E fu così che l’uomo ebbe del risentimento contro sua madre. ANNIE LECLERC (Parole de femme)


C’era una volta. C’era la terra, il cielo, le notti, i giorni. La pioggia e il sole, il ciclo delle stagioni. C’era il seme che germogliava, l’albero che cresceva, si imponeva, prosperava, dava i suoi frutti, poi declinava in una lenta dolcezza. C’era il grembo delle donne che si sollevava, si gonfiava per lunghi giorni e da cui nasceva il nuovo essere.

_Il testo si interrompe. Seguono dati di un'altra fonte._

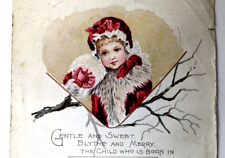 1892 Demorest's Family Magazine January Month Victorian Calendar Child picture
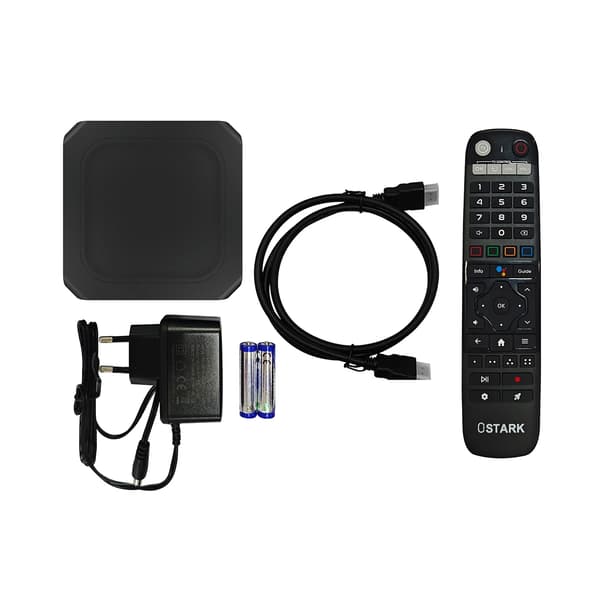 Ostark Android TV Box, 6K-stöd, 2GB DDR4 RAM, 32GB lagring, EU-kontakt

C’erano bambini che diventavano grandi, e grandi che si inchinavano alla terra, e morivano.
Le stelle giravano nelle notti, le stagioni tornavano alle stagioni, e le nuvole venivano portate via dal vento del tempo.
L’aria passava sopra le pelli accorte. La pietra consumata degli antenati rimaneva.
Il mondo era il matrimonio amoroso di una permanenza e di un passaggio. Vivere era la prova acuta del passaggio nella permanenza di tutte le cose, quando non s’era separato ciò che passava da ciò che restava. Ogni cosa vera era una casa e la collana dei giorni.
I corpi passavano nella loro dimora di corpo.
Senza tradimento il bambino emergeva nell’adulto, senza ferite l’adulto diventava vecchio, e si vedeva passare sul volto dell’anziano denudato il sorriso intatto del bambino.
Chiamavano vita il matrimonio indissolubile dell’essere e del divenire, del sempre presente e del mai più, dell’uguale e dell’altro.
E la loro risposta alla vita, che univa lo stupore al riconoscimento, la chiamavano amore.
Si guardavano, si riconoscevano, si stupivano di riconoscersi, simili e diversi, uguali e altri, legati e non legati, uniti e separati. Vedevano degli uomini e vedevano delle donne.
Cosa vedevano dell’uomo? Colui il quale la donna aveva portato in grembo, fatto nascere nella sua generosità fertile.
Cosa vedevano della donna? Colei dalla quale provenivano i nuovi esseri, uomini finiti e donne fertili, da cui poteva nascere di nuovo la vita.
Dalla donna nasceva la vita, il passaggio e la permanenza degli esseri. Solo la donna sembrava essere abitata, la detentrice del meraviglioso potere di tutte le cose.
Mentre gli uomini non sapevano ancora che quando si univano a loro, questo potere apparteneva anche a loro, la donna era l’oggetto di tutte le loro devozioni, innamorati come erano della vita.
La donna era il cuore della natura. Solo lei era nel segreto, ribadendo attraverso il proprio corpo il mistero di tutte le cose.
Il parto era l’atto più sacro, più terribile e più meraviglioso della vita.
E le donne di quel tempo erano fiere e belle.
E l’uomo portava, senza esserne oppresso, dalla sua nascita alla sua morte, uno status d’umiltà. La natura lo aveva reso utile e devoto. Ma era solo un ramo finito della vita. Quando veniva il momento di morire, come un ramo secco, si staccava dall’albero della vita, che continuava la sua luminosa fioritura senza di lui.
L’uomo serviva la donna nella misura in cui era il mezzo della vita mantenuta e conservata, l’intermediario tra la donna, fonte della vita, e la natura, ricca di ciò che la vita bramava.
L’uomo ha inventato l’utensile a sua immagine. Un oggetto prezioso che pure era, ma che non aveva un fine in sé, che era lì solo per servire la vita, e che veniva scartato appena non era più utile.
L’attrezzo risvegliò curiosamente la sua intelligenza. Egli considerò questo nuovo legame che lo univa all’utensile. Sapeva che si poteva fare un utensile o non farlo. Che il destino di una selce dipendeva da questo, pietra per scolpire o pietra da scolpire.
L’uomo si pose allora una domanda terribile: Perché lei e non io? Perché mi ha fatto diventare un uomo e non una donna? Perché l’aveva privato di ciò che aveva e poteva donare, la fertilità?
E fu così che l’uomo ebbe del risentimento contro sua madre.